Return each record shown below exactly, with none omitted.

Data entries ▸
____

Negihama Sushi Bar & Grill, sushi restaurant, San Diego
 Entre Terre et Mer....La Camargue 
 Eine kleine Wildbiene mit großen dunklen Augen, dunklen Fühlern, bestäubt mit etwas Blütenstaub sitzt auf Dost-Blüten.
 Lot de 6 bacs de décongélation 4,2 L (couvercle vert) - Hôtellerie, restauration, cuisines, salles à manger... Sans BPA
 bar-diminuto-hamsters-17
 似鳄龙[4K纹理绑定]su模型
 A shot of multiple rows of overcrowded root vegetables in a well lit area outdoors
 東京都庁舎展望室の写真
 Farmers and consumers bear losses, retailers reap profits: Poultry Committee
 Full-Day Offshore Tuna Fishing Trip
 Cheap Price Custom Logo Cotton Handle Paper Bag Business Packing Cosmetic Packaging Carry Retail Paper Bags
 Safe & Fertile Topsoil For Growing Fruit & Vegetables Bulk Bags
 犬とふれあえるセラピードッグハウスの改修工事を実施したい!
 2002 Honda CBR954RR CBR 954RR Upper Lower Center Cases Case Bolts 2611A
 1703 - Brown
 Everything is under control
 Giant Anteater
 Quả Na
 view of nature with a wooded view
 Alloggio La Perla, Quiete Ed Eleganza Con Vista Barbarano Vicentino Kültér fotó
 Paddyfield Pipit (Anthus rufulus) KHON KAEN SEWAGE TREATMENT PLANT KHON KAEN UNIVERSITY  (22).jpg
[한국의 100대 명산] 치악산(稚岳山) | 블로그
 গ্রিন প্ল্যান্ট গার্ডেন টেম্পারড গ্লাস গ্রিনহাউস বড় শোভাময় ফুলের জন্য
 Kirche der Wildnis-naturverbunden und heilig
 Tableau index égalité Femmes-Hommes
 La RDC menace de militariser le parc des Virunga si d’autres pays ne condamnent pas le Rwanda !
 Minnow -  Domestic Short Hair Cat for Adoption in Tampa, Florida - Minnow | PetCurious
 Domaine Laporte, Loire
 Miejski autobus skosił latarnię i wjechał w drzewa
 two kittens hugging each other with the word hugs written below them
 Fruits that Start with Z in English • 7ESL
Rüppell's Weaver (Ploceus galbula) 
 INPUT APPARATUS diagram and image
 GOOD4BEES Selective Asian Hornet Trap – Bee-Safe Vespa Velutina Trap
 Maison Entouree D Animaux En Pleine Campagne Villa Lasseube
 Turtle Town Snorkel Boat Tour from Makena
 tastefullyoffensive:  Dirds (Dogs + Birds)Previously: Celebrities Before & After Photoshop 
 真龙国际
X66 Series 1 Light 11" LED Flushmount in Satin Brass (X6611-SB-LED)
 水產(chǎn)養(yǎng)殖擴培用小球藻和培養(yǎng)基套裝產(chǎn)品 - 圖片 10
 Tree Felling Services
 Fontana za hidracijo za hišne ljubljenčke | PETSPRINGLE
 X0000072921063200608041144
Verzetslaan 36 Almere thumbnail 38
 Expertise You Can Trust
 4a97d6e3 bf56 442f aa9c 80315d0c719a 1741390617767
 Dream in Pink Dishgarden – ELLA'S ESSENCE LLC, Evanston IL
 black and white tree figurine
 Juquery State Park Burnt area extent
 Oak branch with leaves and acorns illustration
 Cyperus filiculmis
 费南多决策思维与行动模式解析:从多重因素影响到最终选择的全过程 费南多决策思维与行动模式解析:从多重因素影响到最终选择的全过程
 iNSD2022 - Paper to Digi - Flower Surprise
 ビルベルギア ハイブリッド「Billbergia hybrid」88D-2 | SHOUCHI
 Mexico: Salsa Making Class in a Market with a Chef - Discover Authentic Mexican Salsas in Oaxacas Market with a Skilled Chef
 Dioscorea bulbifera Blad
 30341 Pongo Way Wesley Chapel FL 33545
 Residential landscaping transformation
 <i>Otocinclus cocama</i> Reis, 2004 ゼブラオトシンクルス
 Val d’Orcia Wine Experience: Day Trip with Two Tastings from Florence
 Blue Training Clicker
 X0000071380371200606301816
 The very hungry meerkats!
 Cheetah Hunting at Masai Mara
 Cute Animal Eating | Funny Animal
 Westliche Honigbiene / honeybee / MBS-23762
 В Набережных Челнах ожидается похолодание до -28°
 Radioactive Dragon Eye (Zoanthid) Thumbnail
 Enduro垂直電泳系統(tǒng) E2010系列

____

Written answer ▸
Negihama Sushi Bar & Grill, sushi restaurant, San Diego
 Entre Terre et Mer....La Camargue 
 Eine kleine Wildbiene mit großen dunklen Augen, dunklen Fühlern, bestäubt mit etwas Blütenstaub sitzt auf Dost-Blüten.
 Lot de 6 bacs de décongélation 4,2 L (couvercle vert) - Hôtellerie, restauration, cuisines, salles à manger... Sans BPA
 bar-diminuto-hamsters-17
 似鳄龙[4K纹理绑定]su模型
 A shot of multiple rows of overcrowded root vegetables in a well lit area outdoors
 東京都庁舎展望室の写真
 Farmers and consumers bear losses, retailers reap profits: Poultry Committee
 Full-Day Offshore Tuna Fishing Trip
 Cheap Price Custom Logo Cotton Handle Paper Bag Business Packing Cosmetic Packaging Carry Retail Paper Bags
 Safe & Fertile Topsoil For Growing Fruit & Vegetables Bulk Bags
 犬とふれあえるセラピードッグハウスの改修工事を実施したい!
 2002 Honda CBR954RR CBR 954RR Upper Lower Center Cases Case Bolts 2611A
 1703 - Brown
 Everything is under control
 Giant Anteater
 Quả Na
 view of nature with a wooded view
 Alloggio La Perla, Quiete Ed Eleganza Con Vista Barbarano Vicentino Kültér fotó
 Paddyfield Pipit (Anthus rufulus) KHON KAEN SEWAGE TREATMENT PLANT KHON KAEN UNIVERSITY  (22).jpg
[한국의 100대 명산] 치악산(稚岳山) | 블로그
 গ্রিন প্ল্যান্ট গার্ডেন টেম্পারড গ্লাস গ্রিনহাউস বড় শোভাময় ফুলের জন্য
 Kirche der Wildnis-naturverbunden und heilig
 Tableau index égalité Femmes-Hommes
 La RDC menace de militariser le parc des Virunga si d’autres pays ne condamnent pas le Rwanda !
 Minnow -  Domestic Short Hair Cat for Adoption in Tampa, Florida - Minnow | PetCurious
 Domaine Laporte, Loire
 Miejski autobus skosił latarnię i wjechał w drzewa
 two kittens hugging each other with the word hugs written below them
 Fruits that Start with Z in English • 7ESL
Rüppell's Weaver (Ploceus galbula) 
 INPUT APPARATUS diagram and image
 GOOD4BEES Selective Asian Hornet Trap – Bee-Safe Vespa Velutina Trap
 Maison Entouree D Animaux En Pleine Campagne Villa Lasseube
 Turtle Town Snorkel Boat Tour from Makena
 tastefullyoffensive:  Dirds (Dogs + Birds)Previously: Celebrities Before & After Photoshop 
 真龙国际
X66 Series 1 Light 11" LED Flushmount in Satin Brass (X6611-SB-LED)
 水產(chǎn)養(yǎng)殖擴培用小球藻和培養(yǎng)基套裝產(chǎn)品 - 圖片 10
 Tree Felling Services
 Fontana za hidracijo za hišne ljubljenčke | PETSPRINGLE
 X0000072921063200608041144
Verzetslaan 36 Almere thumbnail 38
 Expertise You Can Trust
 4a97d6e3 bf56 442f aa9c 80315d0c719a 1741390617767
 Dream in Pink Dishgarden – ELLA'S ESSENCE LLC, Evanston IL
 black and white tree figurine
 Juquery State Park Burnt area extent
 Oak branch with leaves and acorns illustration
 Cyperus filiculmis
 费南多决策思维与行动模式解析:从多重因素影响到最终选择的全过程 费南多决策思维与行动模式解析:从多重因素影响到最终选择的全过程
 iNSD2022 - Paper to Digi - Flower Surprise
 ビルベルギア ハイブリッド「Billbergia hybrid」88D-2 | SHOUCHI
 Mexico: Salsa Making Class in a Market with a Chef - Discover Authentic Mexican Salsas in Oaxacas Market with a Skilled Chef
 Dioscorea bulbifera Blad
 30341 Pongo Way Wesley Chapel FL 33545
 Residential landscaping transformation
 <i>Otocinclus cocama</i> Reis, 2004 ゼブラオトシンクルス
 Val d’Orcia Wine Experience: Day Trip with Two Tastings from Florence
 Blue Training Clicker
 X0000071380371200606301816
 The very hungry meerkats!
 Cheetah Hunting at Masai Mara
 Cute Animal Eating | Funny Animal
 Westliche Honigbiene / honeybee / MBS-23762
 В Набережных Челнах ожидается похолодание до -28°
 Radioactive Dragon Eye (Zoanthid) Thumbnail
 Enduro垂直電泳系統(tǒng) E2010系列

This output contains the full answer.